Variability of the least squares plane

Estimating the regression model parameters by least squares tries to make the residuals as small as possible, so the least squares plane is positioned as close as possible to the data points. Least squares does not care where the least squares plane is located away from the data.

When the explanatory variables are multicollinear, this means that the position of the least square plane can be very variable (i.e. the model's regression plane is inaccurately estimated) at the 'corners of the x-z plane' that are distant from the data.

Simulation

In the diagram below, data are sampled from a linear regression model where the explanatory variables, X and Z, are multicollinear.

Click Accumulate then take 10 to 20 samples. Rotate the diagram to see the variability of the least squares plane.

Click Show Min Variability to rotate the diagram to 'looking down' the scatter of data points. From this direction, it can be seen that the least squares planes look rather like flapping wings — they are much less variable near the data than in the corners corresponding to (high X, low Z) and (low X, high Z).

Which explanatory variable is more important?

When the two explanatory variables are multicollinear, it is much harder to distinguish which of the two is really related to the response — each variable can act as a kind of proxy for the other. Different combination of the two variables can have very similar exlanatory power.

Heart catheter length

In heart catheterisation, a catheter is passed through a major vein or artery from the leg into the heart. X-rays are used to position the tip of the catheter. The catheter length (cm), height (in) and weight (lb) were recorded from 12 children.

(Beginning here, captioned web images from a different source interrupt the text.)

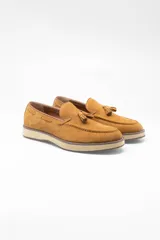Mocasines color marrón claro, de gamuza, con borlas y suela de goma.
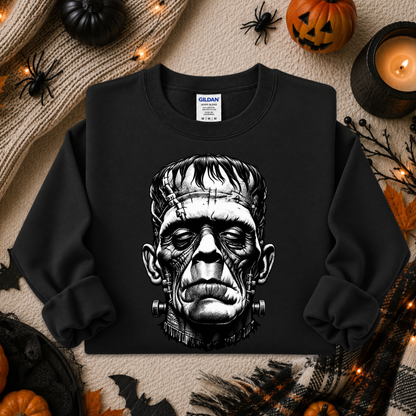 A black crewneck sweatshirt featuring a detailed black and white graphic of Frankenstein's monster head on the front. The sweatshirt is displayed in a flat-lay Halloween setting with pumpkins, a candle, spider decorations, and a cozy knit blanket.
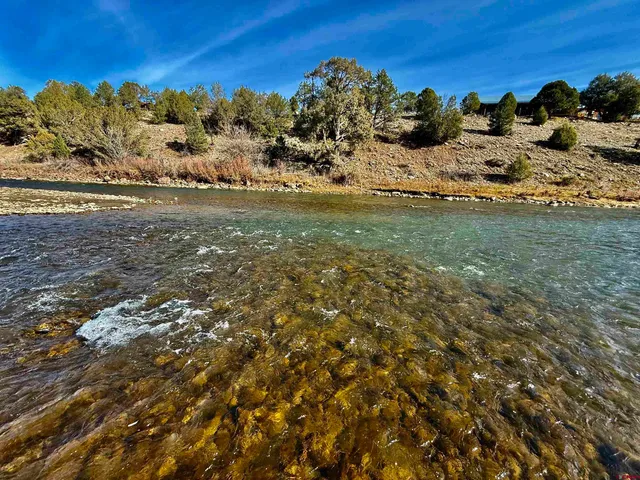 a view of lake with green space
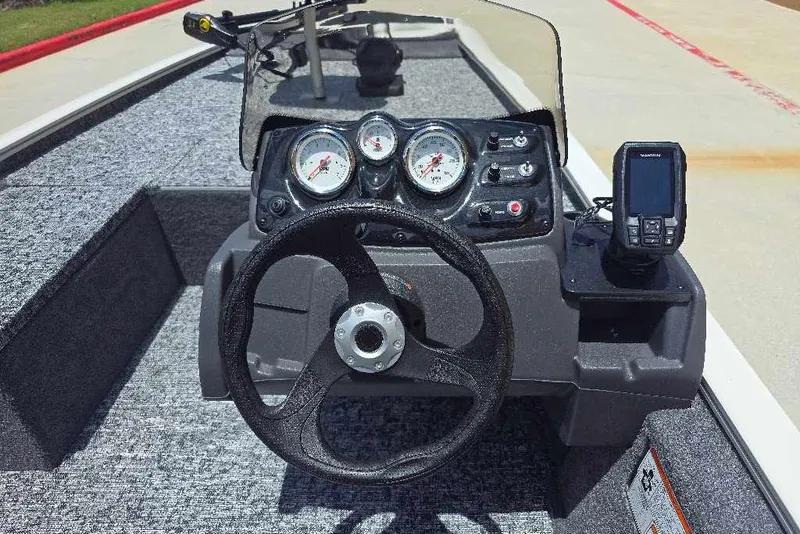 Slide: The Image of 2026 Tracker Pro 170 boat dashboard with steering wheel and gauges. - 7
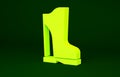 Yellow Waterproof rubber boot icon isolated on green background. Gumboots for rainy weather, fishing, gardening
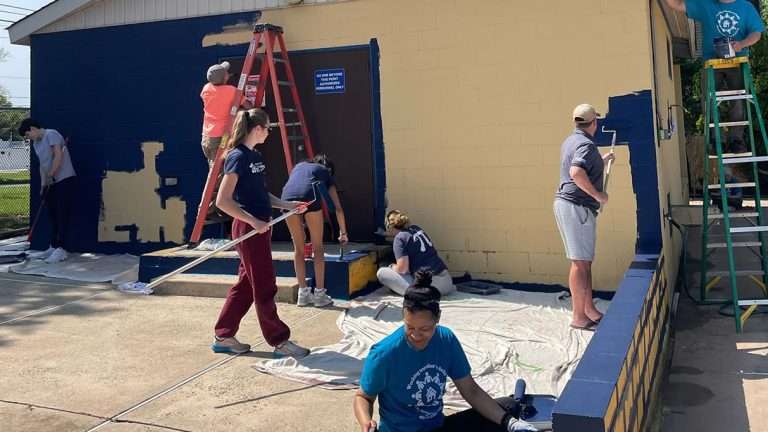 image of workers painting a building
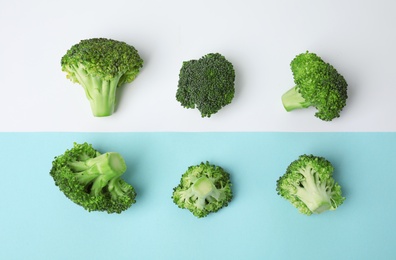 Photo of Flat lay composition with fresh green broccoli on color background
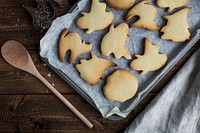 Baked cookies in the shape of cats, ghosts and witches. Original public domain image from <a href="https://commons.wikimedia.org/wiki/File:Halloween_cookie_tray_(Unsplash).jpg" target="_blank">Wikimedia Commons</a>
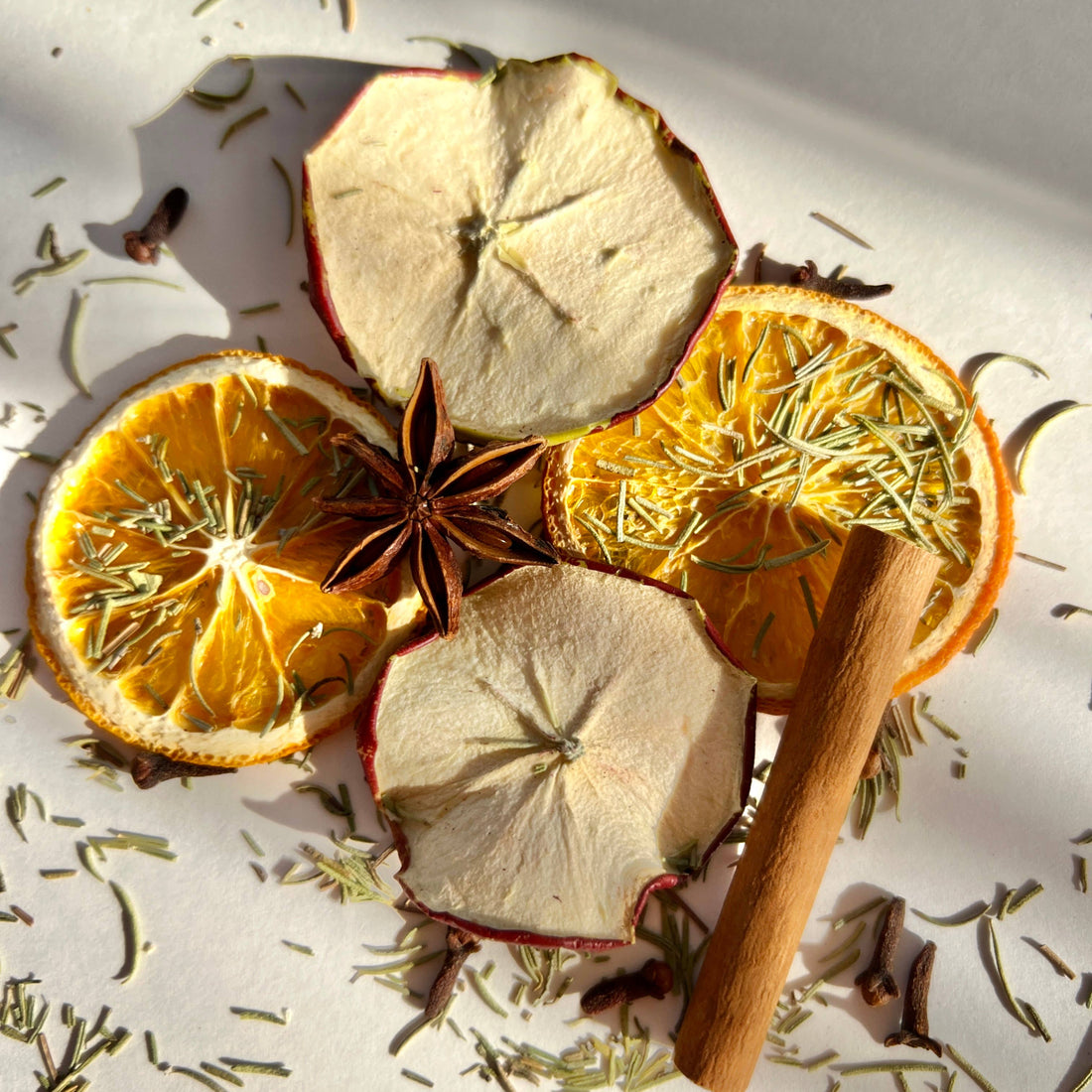 Dried oranges, apples, cinnamon stick, and star anise on a light surface with herbs.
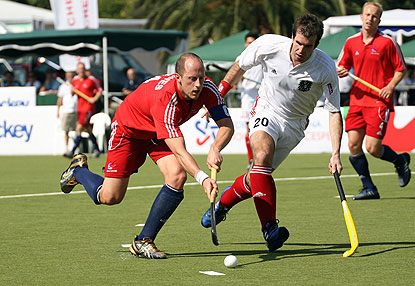 hockey - hockey the game with sticks and hard ball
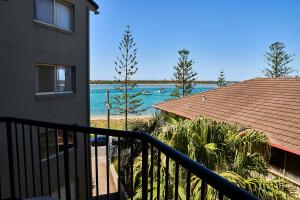 a view of the beach from a balcony of a house at Bayview Beach Holiday Apartments in Gold Coast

Drag one of the vertical arrows to move the least squares plane and observe the effect on the residual sum of squares. Click Least squares then repeat with the other vertical arrow.

Observe that dragging the corner that is furthest from the data has much less effect on the residual sum of squares so the position of this corner is much less accurately determined.

When dragging this corner, observe that as the coefficient of height increases, the coefficient of weight decreases. It is clear that at least one of these variables affects catheter length, but there is less information about which is important.

We could set the coefficient of either height or weight to zero and increases to the other coefficient could largely compensate.